I am going to make a photo album of the cats through the years and had a fun scanning a lot of old pictures and reminiscing about living in Connecticut and the small studio we lived in when we moved back to California. Good times for sure.
When Batman was a kitten there was a lot of crying.  He never had any problem telling me exactly what he wanted.
 It took these two awhile to figure out how not to get fifthly while eating.
 They loved tackling and chasing eachother around the house.  I heard them rough housing at night just a few months ago.  Nutballs!
 Batman hiding under my bed.
 Princess too.
 They loved being next to eachother, whether it was right next to eachother or on top.
 Pretty Princess.
 
 Batman loved to stretch out.
 My loves.






 The cats becoming adjusted to life in Connecticut...Batman, of course, on top of me.
 This ball of paper provided hours of entertainment for them.
 A favorite spot of theirs on top of the tv.
 Batman getting to know Tim.

 Batman in the laundry basket.
 Princess always hiding.
 Batman wasn't afraid of water and he loved going into the shower.
 Princess loves to be as high as possible.  Batman right next to the tv laying on some clothes.
This time Batman was higher than Princess.
 Batman helping me iron...not!
 It didn't matter what it was they had to lay on it or in it.
 He doesn't really fit in the basket, but that doesn't matter to him.

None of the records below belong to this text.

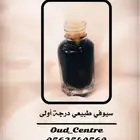 بيت العود - للعود الطبيعي ودهن العود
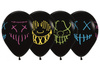 Balony Masks Neon Ink - 25 szt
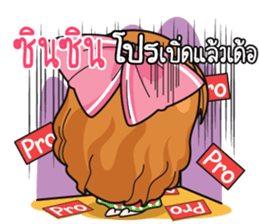 767811745
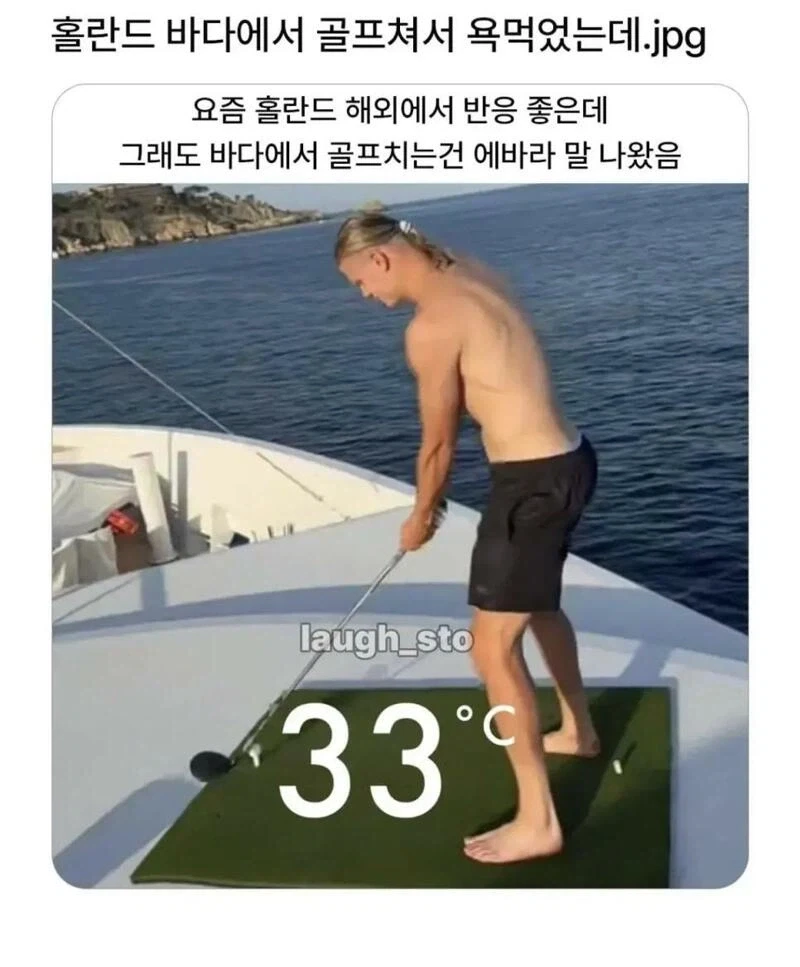 바다위 보트에서 골프쳤다고 욕먹은 홀란드_1.webp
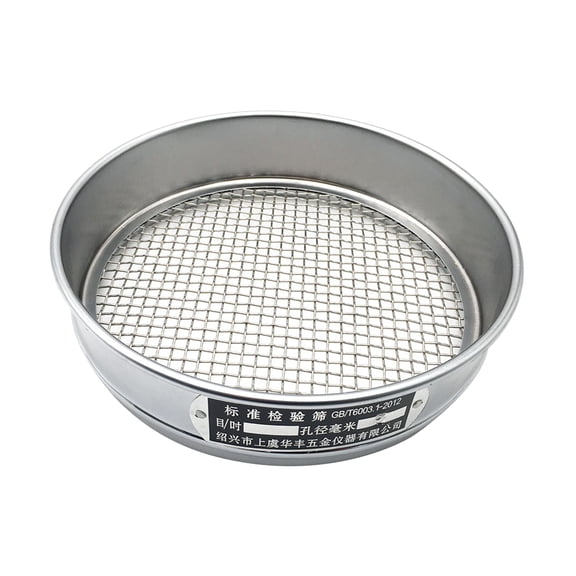 Dia 20cm From 4 Mesh To 60 Mesh Stainless Steel Net Chroming Body Test Sieve Standard Test Sieve Laboratory Sieve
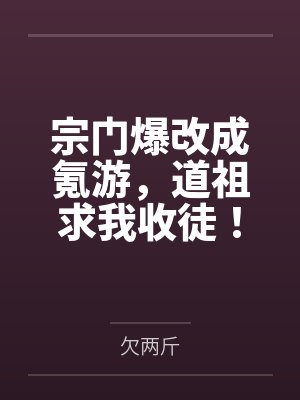 宗门爆改成氪游，道祖求我收徒！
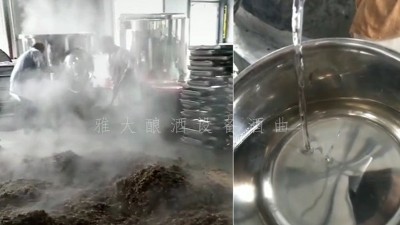 何不趁父母健在，選擇用糧食釀酒設(shè)備回家釀酒創(chuàng)業(yè)？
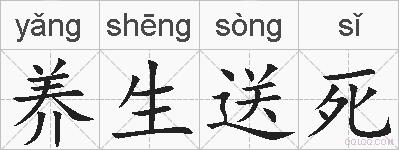 养生送死的拼音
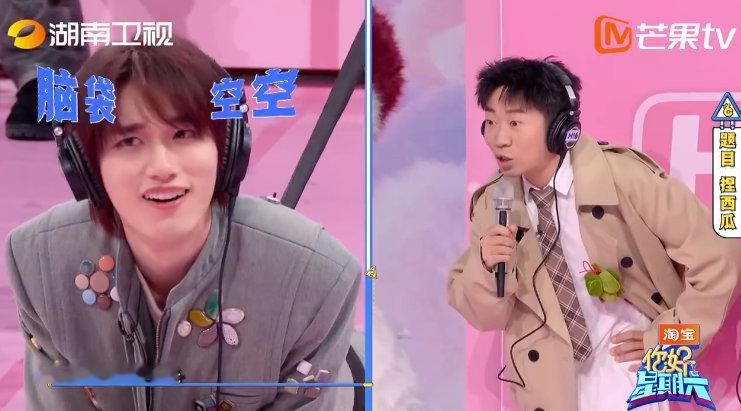 杨迪惨遭游戏滑铁卢你好星期六 “冲出束缚的我们”答题环节，反应超快的杨迪竟翻车，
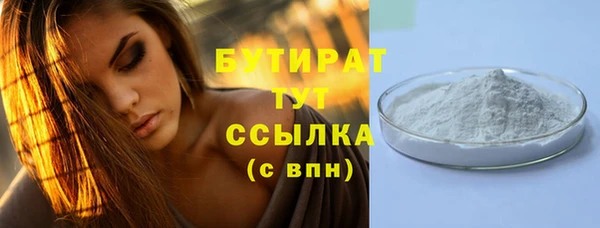 мескалин Балабаново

 Batman in the bucket right before I was going to fill it up with Pine Sol to clean the floor.
Taking a cat nap.
 Batman enjoying his time meeting the trick or treaters in Connecticut. 
 Batman loved when the Christmas tree was up and he could bat at the ornaments.
The fish tank was another fun past time for Batman.  He would bat at the glass when the fish would swim by him.
 
That can't be comfortable!
Classic Batman long and floppsy...Classic Princess balled up and stiff.
 Where's Batman?


Batman playing the guitar with Tim.
Batman in the pot...seriously he would lay anywhere.
This can't be comfortable, but it must be because he is sound asleep.
As usual, in the most bizarre place.
My two cuties.


Batman checking out what Tim got one year for his birthday.
Batman was glad the gift was out of the box so he could lay in it.
I will miss Batman so much, but I take comfort in all my memories of him and how loving he was.  He was always there to snuggle up to me, which I loved. Every time I walk into the kitchen I will see my Batman laying on the window sill waiting for me.